> **Work task**
Your copy should repeat the data that follows exactly and contain no image.

'''

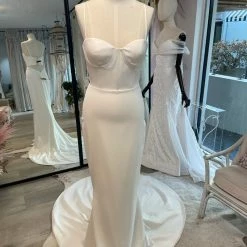 Chosen By KYHA - Victoria Sample Gown 22 Chosen By KYHA - Victoria Sample Gown -Adina's Brida store 1600x 3 76d8a503 98c2 4312 90d9 34849b85460c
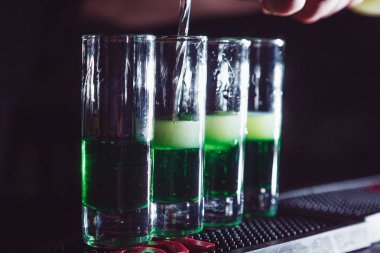 Düşmanın çukurda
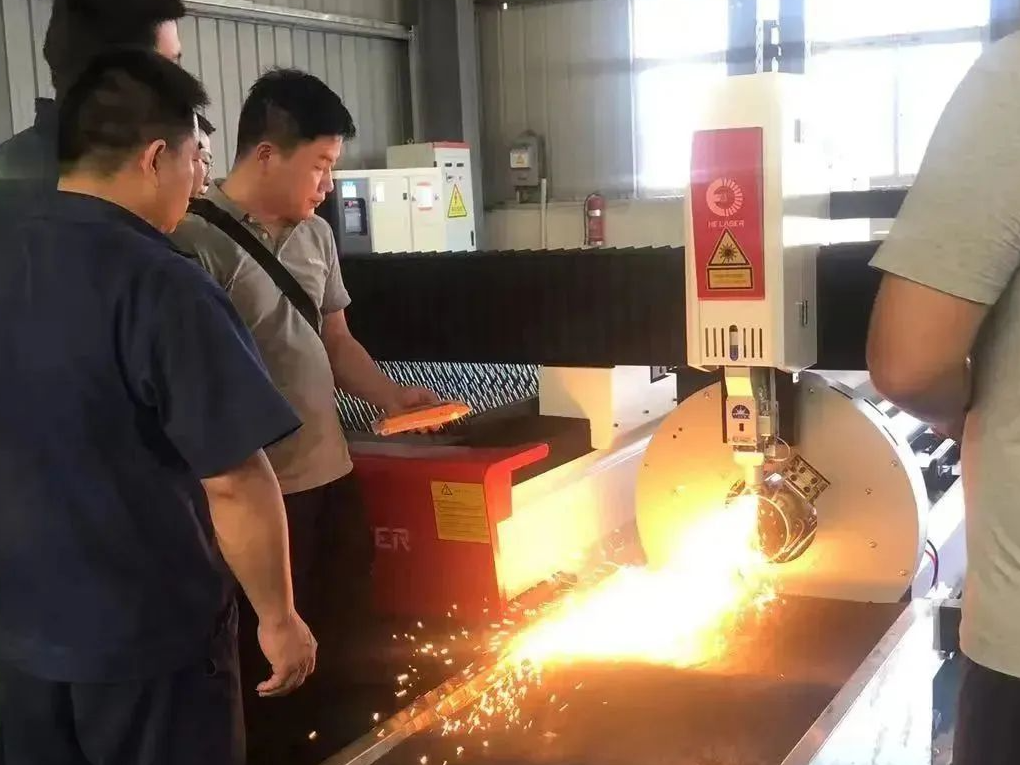 “新兵器”到位！板管一體激光切割機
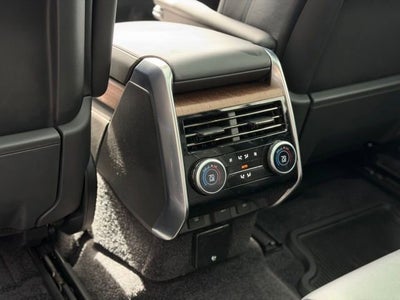 2023 Land Rover Range Rover SE LWB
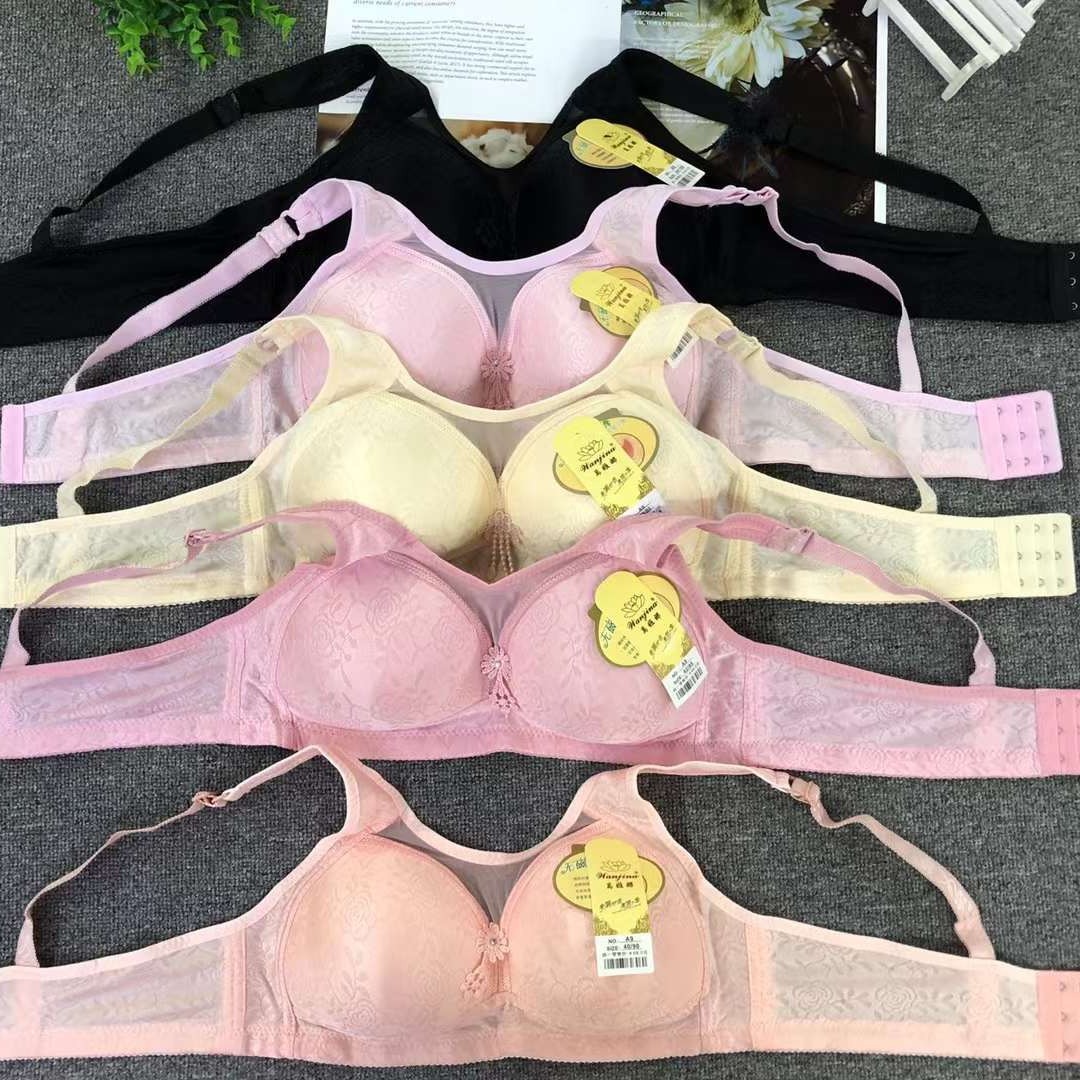 Sujetador de ropa interior mamá transfronteriza tres pechos delgada de mediana edad y ancianos sujetador inalámbrico de algodón empuja hacia arriba más el sujetador de tamaño al por mayor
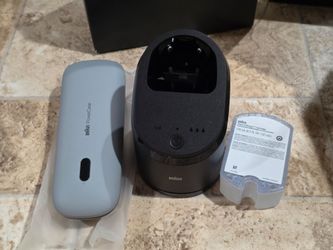 Cleaning Kit and battery charging case for Braun series 9
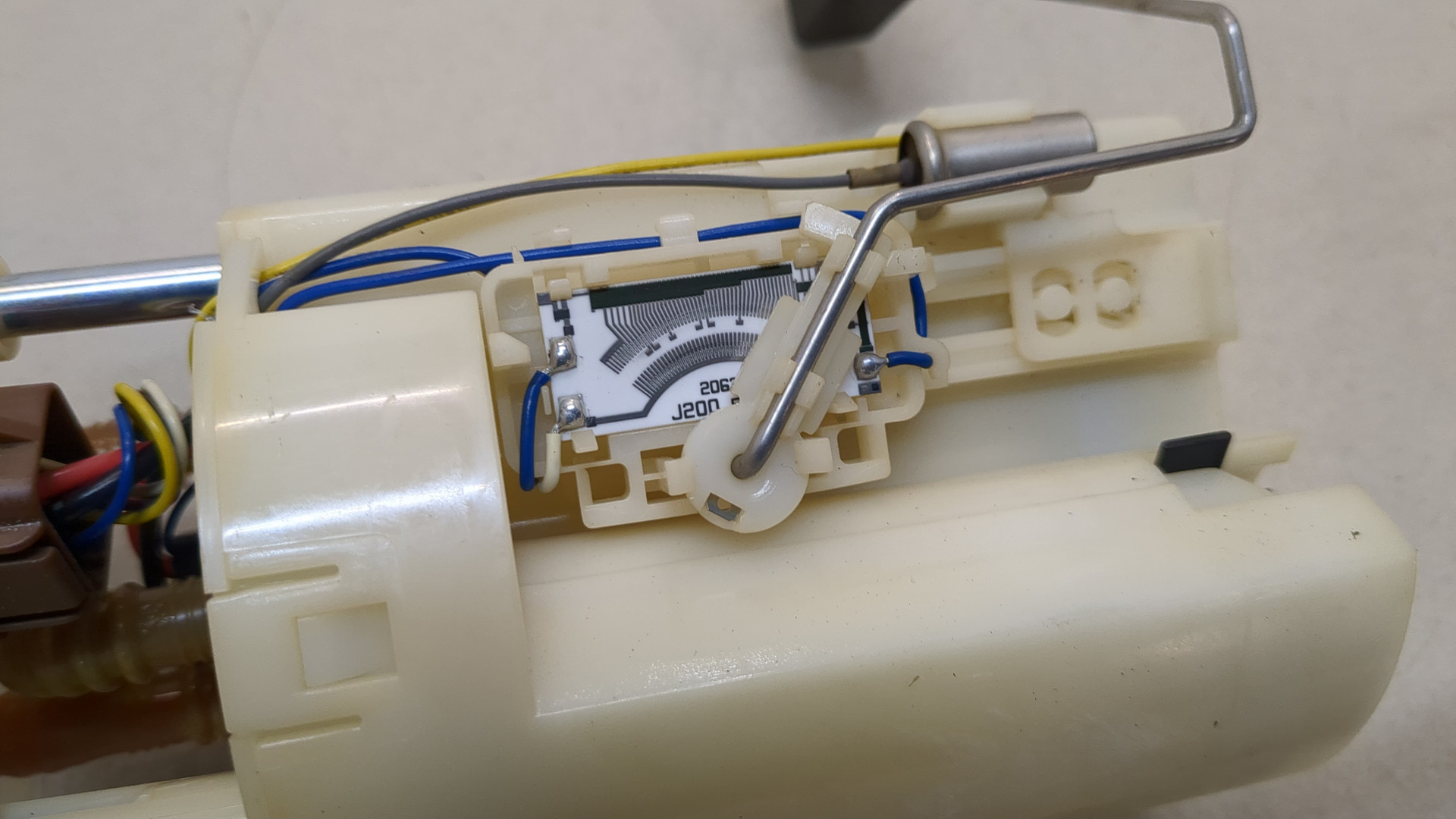 Насос топливный электрический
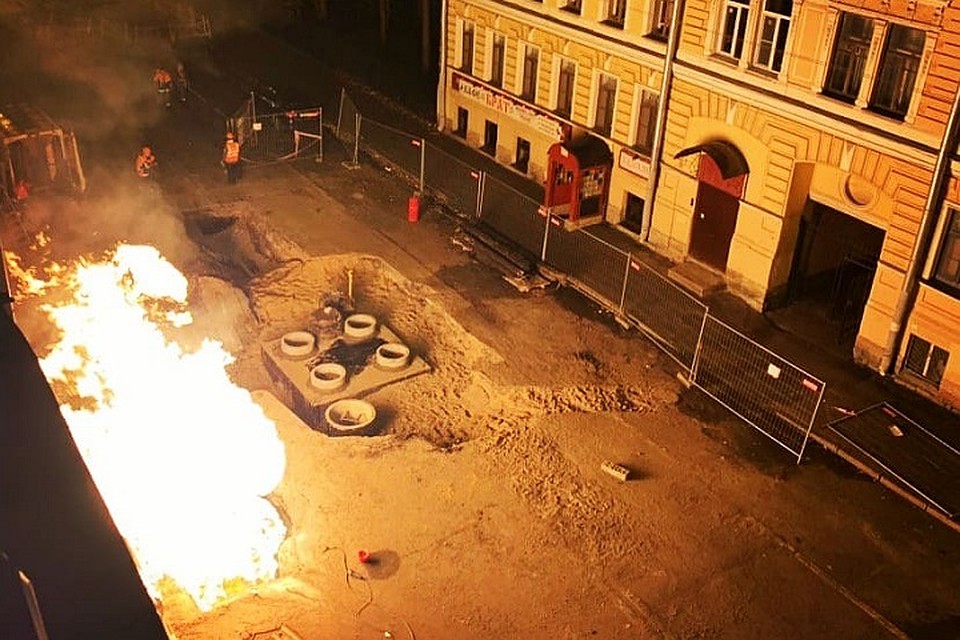 На Мытнинской улице при ремонте вспыхнул газопровод. Фото: vk.com/spb_today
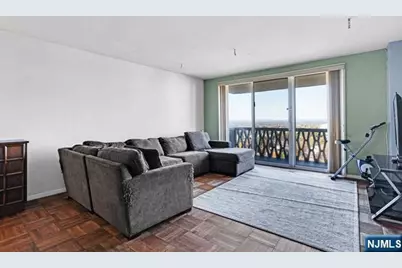 2000 Linwood Avenue 17H #17H, Fort Lee, NJ 07024 - Photo 7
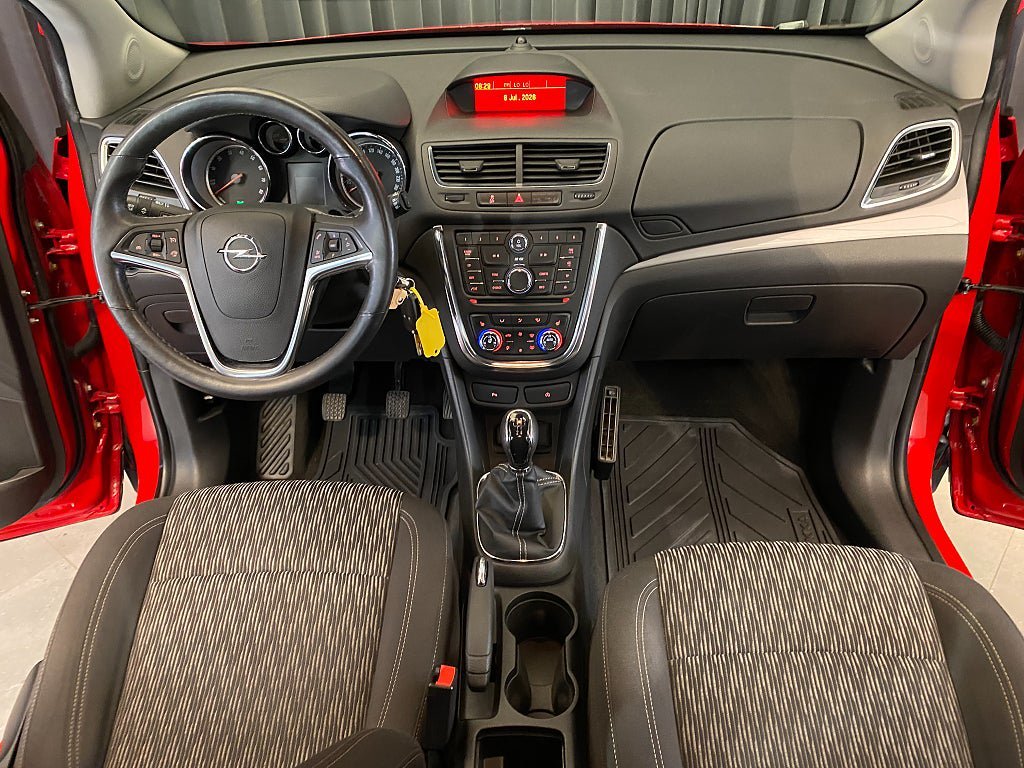 Vehicle Image 6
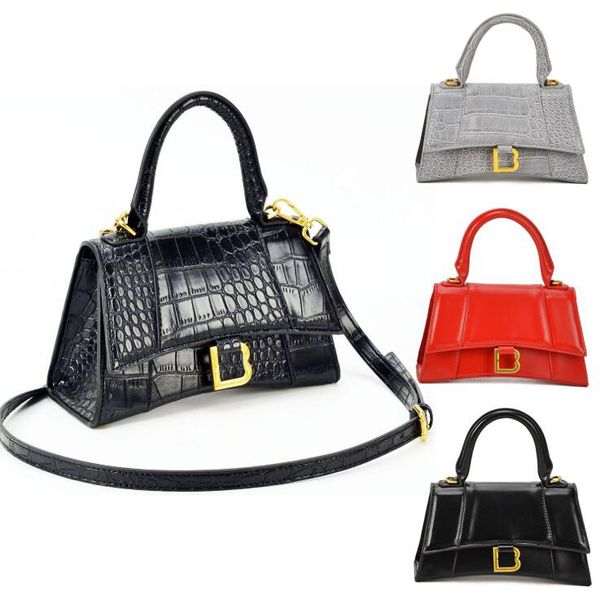 the latest est brand designer ladies bag new simple fashion wild crossbody bag portable women shoulder bag
the latest est brand designer ladies bag new simple fashion wild crossbody bag portable women shoulder bag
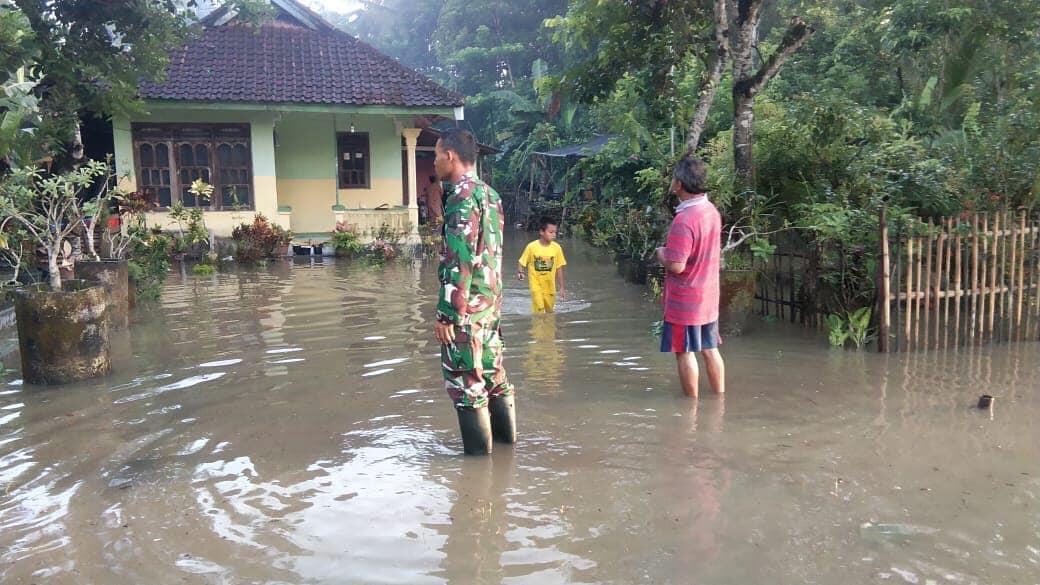 Sejumlah Desa Di Lumajang Banjir, Warga Berusaha Selamatkan Hewan Ternak!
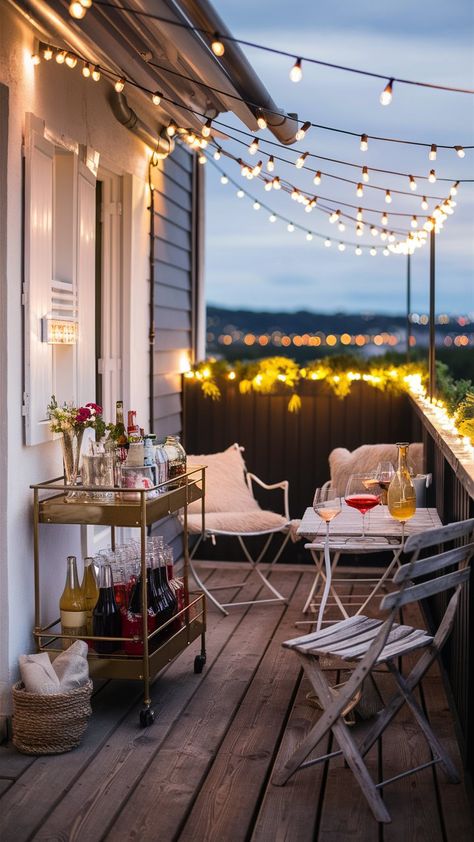 Turn your small balcony into a perfect spot for entertaining with these stylish design ideas. Ideal for small gatherings! Bbq Decor, Small Bbq, Small Apartment Balcony Ideas, Compact Furniture, Apartment Balcony, Small Balcony Ideas, Balcony Ideas, Apartment Balconies, Cozy Decor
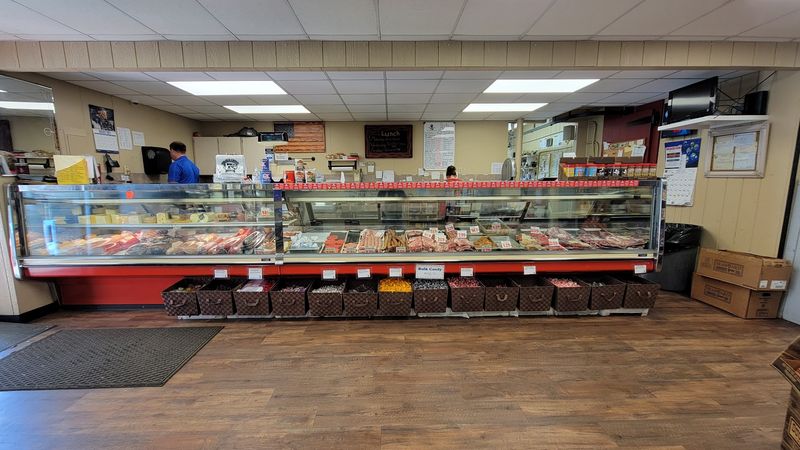 Winner's Meats Osgood Grocery Store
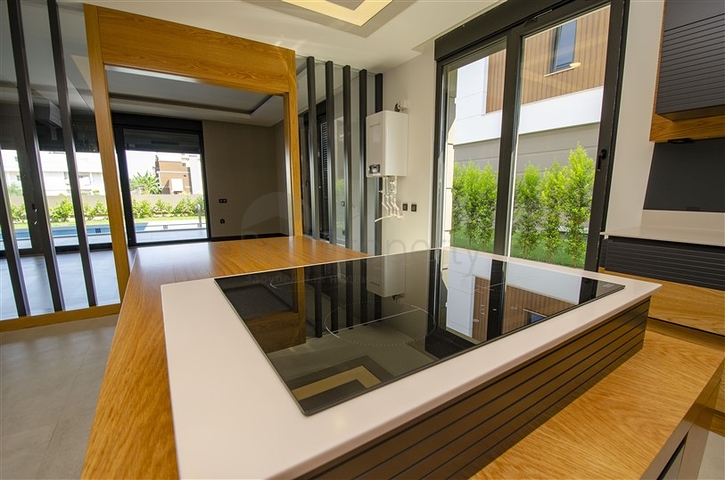 4 + 2 و 5 + 1 فلل ضمن مجمع  في أنطاليا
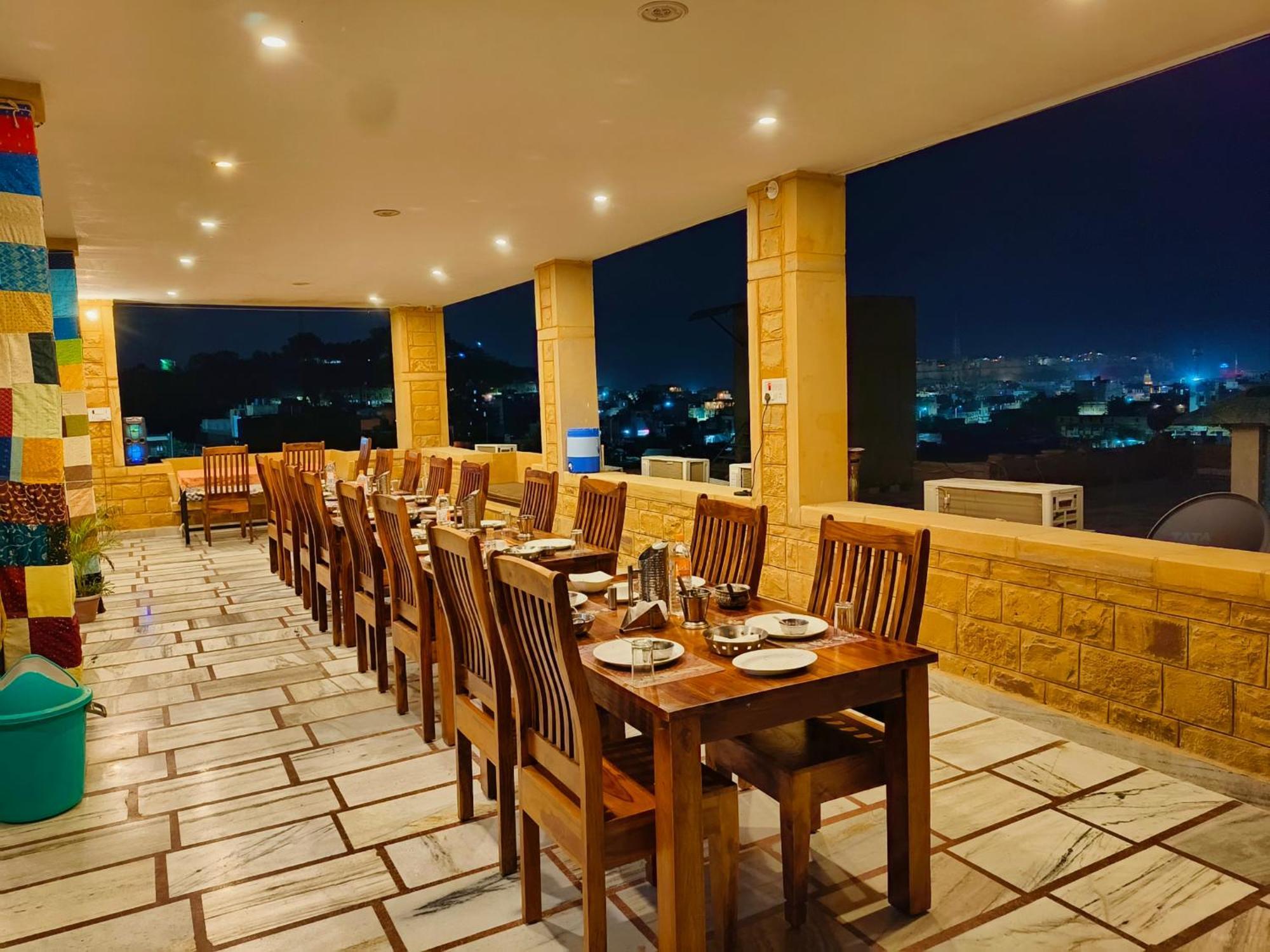 Hotel Royal Heritage Джайсалмер Екстериор снимка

'''

> **Written reply**
 Chosen By KYHA - Victoria Sample Gown 22 Chosen By KYHA - Victoria Sample Gown -Adina's Brida store 1600x 3 76d8a503 98c2 4312 90d9 34849b85460c
 Düşmanın çukurda
 “新兵器”到位！板管一體激光切割機
 2023 Land Rover Range Rover SE LWB
 Sujetador de ropa interior mamá transfronteriza tres pechos delgada de mediana edad y ancianos sujetador inalámbrico de algodón empuja hacia arriba más el sujetador de tamaño al por mayor
 Cleaning Kit and battery charging case for Braun series 9
 Насос топливный электрический
 На Мытнинской улице при ремонте вспыхнул газопровод. Фото: vk.com/spb_today
 2000 Linwood Avenue 17H #17H, Fort Lee, NJ 07024 - Photo 7
 Vehicle Image 6
 the latest est brand designer ladies bag new simple fashion wild crossbody bag portable women shoulder bag
the latest est brand designer ladies bag new simple fashion wild crossbody bag portable women shoulder bag
 Sejumlah Desa Di Lumajang Banjir, Warga Berusaha Selamatkan Hewan Ternak!
 Turn your small balcony into a perfect spot for entertaining with these stylish design ideas. Ideal for small gatherings! Bbq Decor, Small Bbq, Small Apartment Balcony Ideas, Compact Furniture, Apartment Balcony, Small Balcony Ideas, Balcony Ideas, Apartment Balconies, Cozy Decor
 Winner's Meats Osgood Grocery Store
 4 + 2 و 5 + 1 فلل ضمن مجمع  في أنطاليا
 Hotel Royal Heritage Джайсалмер Екстериор снимка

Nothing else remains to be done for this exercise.